It is here that we first see what looks like a correspondence between Christianity and Buddhism. Classic Christian spirituality emphasizes mortification of the flesh in order to achieve self-mastery and illumination; in like manner, Buddhism seeks to bring the restless wheels of desire to a standstill in order to achieve enlightenment.
In spite of his Assisi escapades, Pope John Paul II reminded us in his 1994 blockbuster Crossing the Threshold of Hope (1994) that the contrast between the two religions is far greater than the likeness:
The “enlightenment” experienced by Buddha comes down to the conviction that the world is bad, that it is the source of evil and of suffering for man.
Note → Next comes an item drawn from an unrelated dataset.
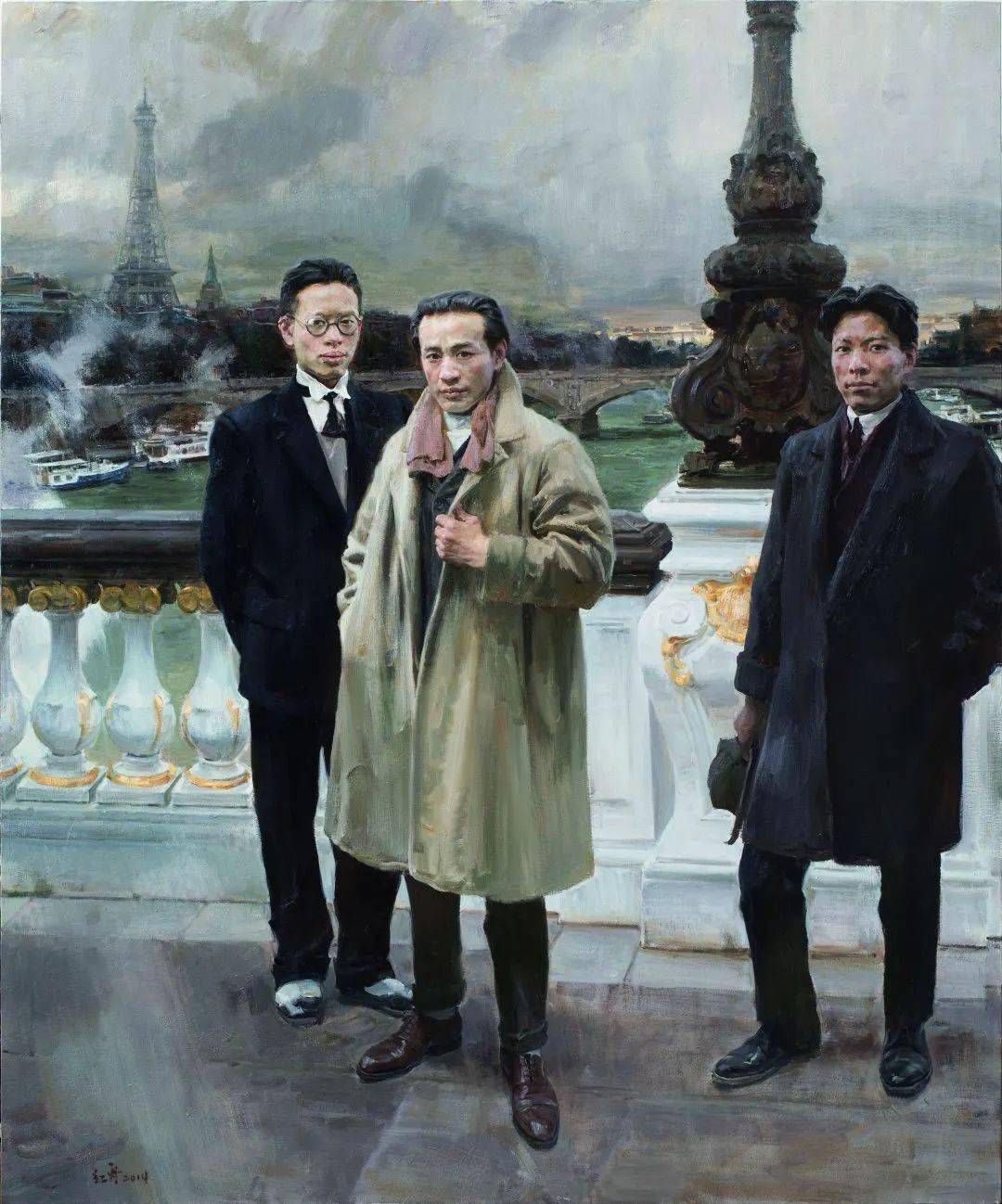 《东海渔人——整理渔网》陆琦230x190cm 2022年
To liberate oneself from this evil, one must free oneself from this world, necessitating a break with the ties that join us to external reality ― ties existing in our human nature, in our psyche, in our bodies. The more we are liberated from these ties, the more we become indifferent to what is in the world, and the more we are freed from suffering, from the evil that has its source in the world.
Do we draw near to God in this way? This is not mentioned in the “enlightenment” conveyed by Buddha. Buddhism is in large measure an “atheistic” system. We do not free ourselves from evil through the good which comes from God; we liberate ourselves only through detachment from the world, which is bad. The fullness of such a detachment is not union with God, but what is called nirvana, a state of perfect indifference with regard to the world. To save oneself means, above all, to free oneself from evil by becoming indifferent to the world, which is the source of evil. This is the culmination of the spiritual process.
For Christians, the “culmination of the spiritual process” is not total detachment, but loving attachment to God — a personal God whom we can know and love, without being absorbed into Him and losing our identity, like a drop dissolved into the ocean. We do not lose all desire; we refine and intensify desire for what is really worth desiring.